Personal information
- Full name: Christopher Charles Finegan
- Born: 4 November 1971 (age 54) Liverpool, Merseyside, England
- Batting: Right-handed
- Bowling: Right-arm fast medium

Domestic team information
- 1998–2009: Cheshire

Career statistics
| Competition | List A |
| Matches | 5 |
| Runs scored | 15 |
| Batting average | 5.00 |
| 100s/50s | –/– |
| Top score | 11 |
| Balls bowled | 294 |
| Wickets | 11 |
| Bowling average | 15.90 |
| 5 wickets in innings | – |
| 10 wickets in match | – |
| Best bowling | 3/31 |
| Catches/stumpings | –/– |
- Source: Cricinfo, 10 April 2011

= Christopher Finegan =

English cricketer

Christopher Charles Finegan (born 4 November 1971) is a former English cricketer. Finegan was a right-handed batsman who bowled right-arm fast medium pace. He was born in Liverpool, Merseyside. Finegan is playing club cricket for Neston CC since 2004 in the Cheshire County Premier League.

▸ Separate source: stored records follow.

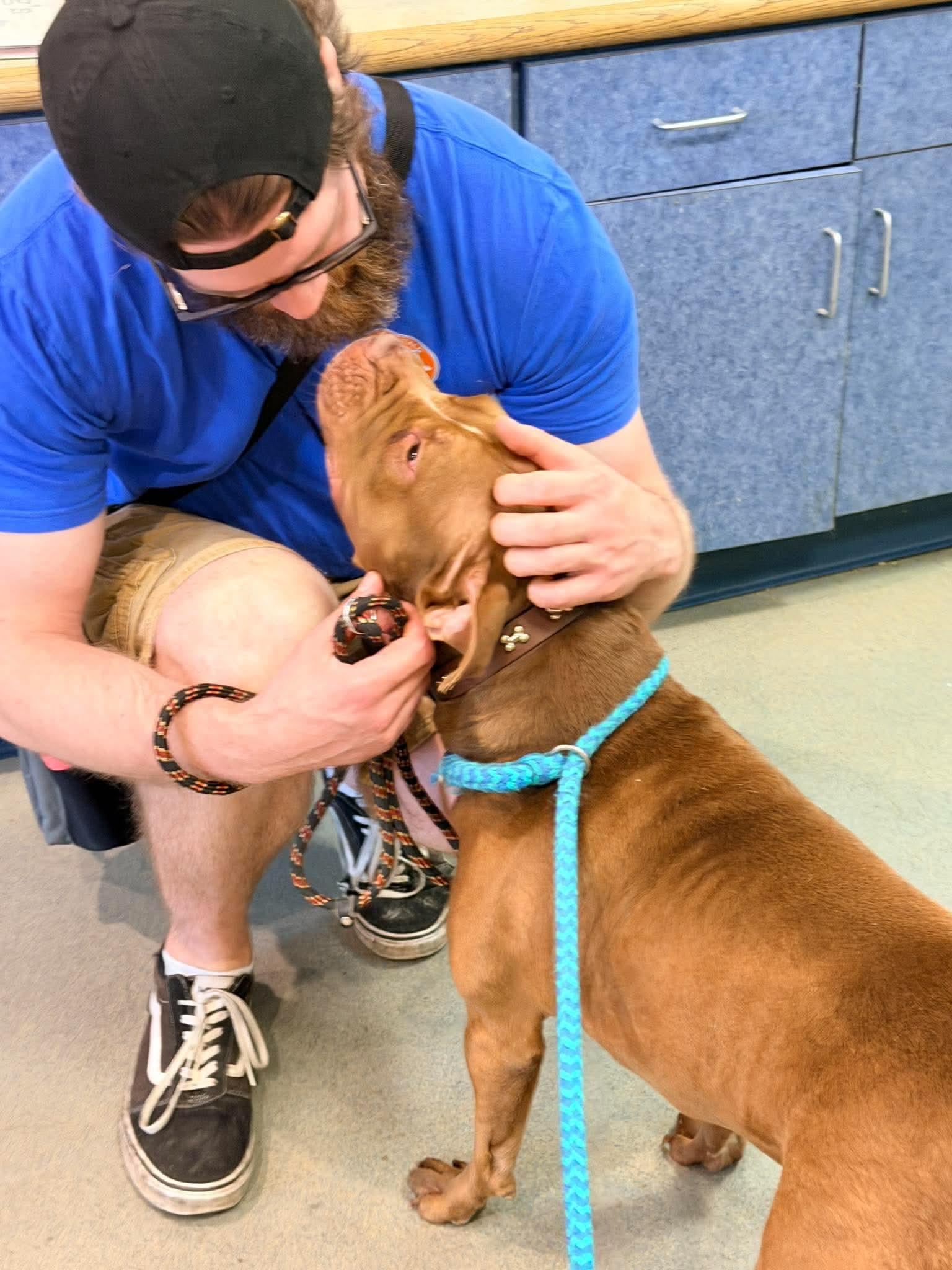 Enlarge Delta, a Adopted mixed breed in Buffalo, NY image 5/5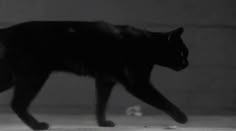 a black cat walking across a white floor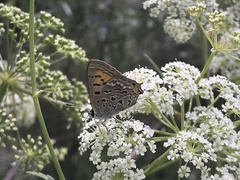 Tharsalea arota schellbachi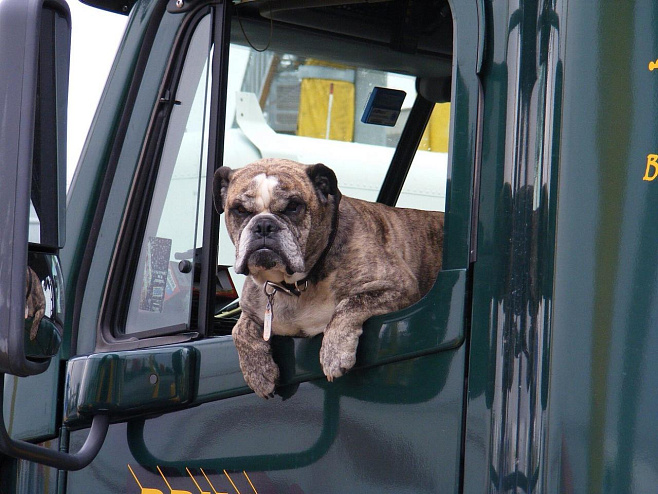 Ученые предупреждают: пристегивайте собак при езде в автомобиле!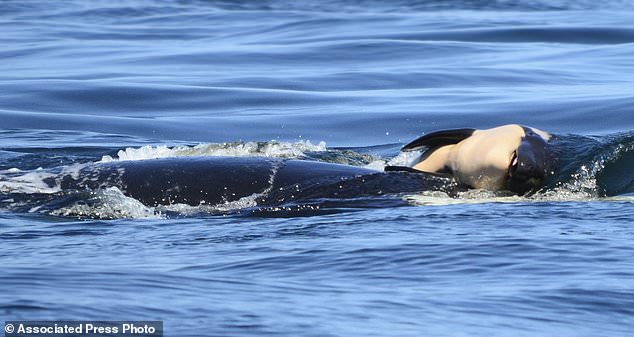 世界最悲傷虎鯨！鯨媽曾推「夭折寶寶」同游17天　2年後終於又有新生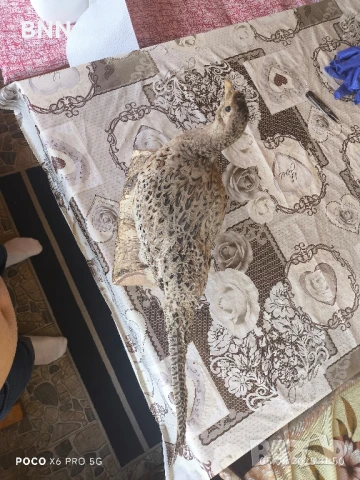 Препариран женски фазан, снимка 3 - други­ - 50559119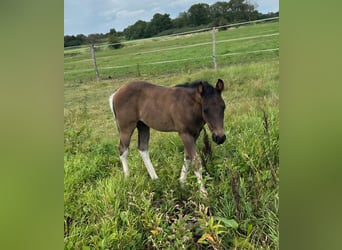 American Paint Horse, Stallone, Puledri (06/2026), 154 cm, Tobiano-tutti i colori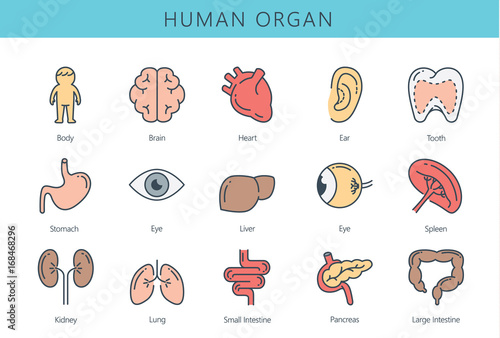 Human internal organ icon collection. Illustration about medical and anatomy.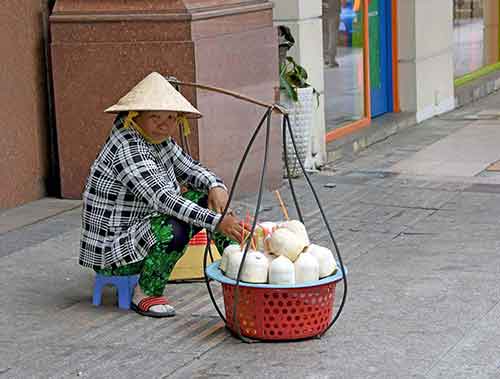 coconuts hcmc-AsiaPhotoStock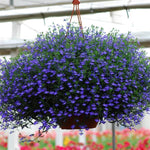 Lobelia - Regatta Midnight Blue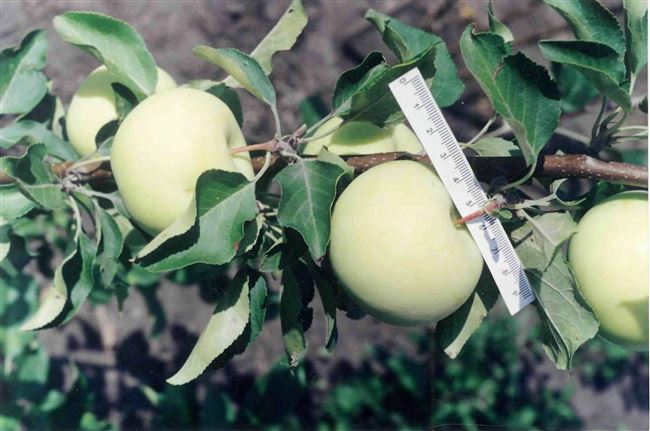Яблоня белоснежка описание сорта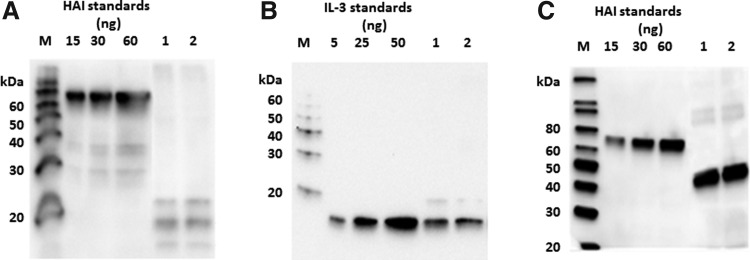 FIG. 4.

Finegan made his debut for Cheshire in the 1998 Minor Counties Championship against the Oxfordshire. Finegan played Minor counties cricket for Cheshire from 1998 to 2009, including 43 Minor Counties Championship matches and 14 MCCA Knockout Trophy matches. In 1999, he made his List A debut against the Surrey Cricket Board in the NatWest Trophy. He played four further List A matches for Cheshire, the last coming against Lincolnshire 2nd round of the 2003 Cheltenham & Gloucester Trophy which was held in 2002. In his five List A matches, he took 11 wickets at a bowling average of 15.90, with best figures of 3/31. His best bowling figures came against in two matches, his debut against the Surrey Cricket Board and against Lincolnshire in the 2000 NatWest Trophy.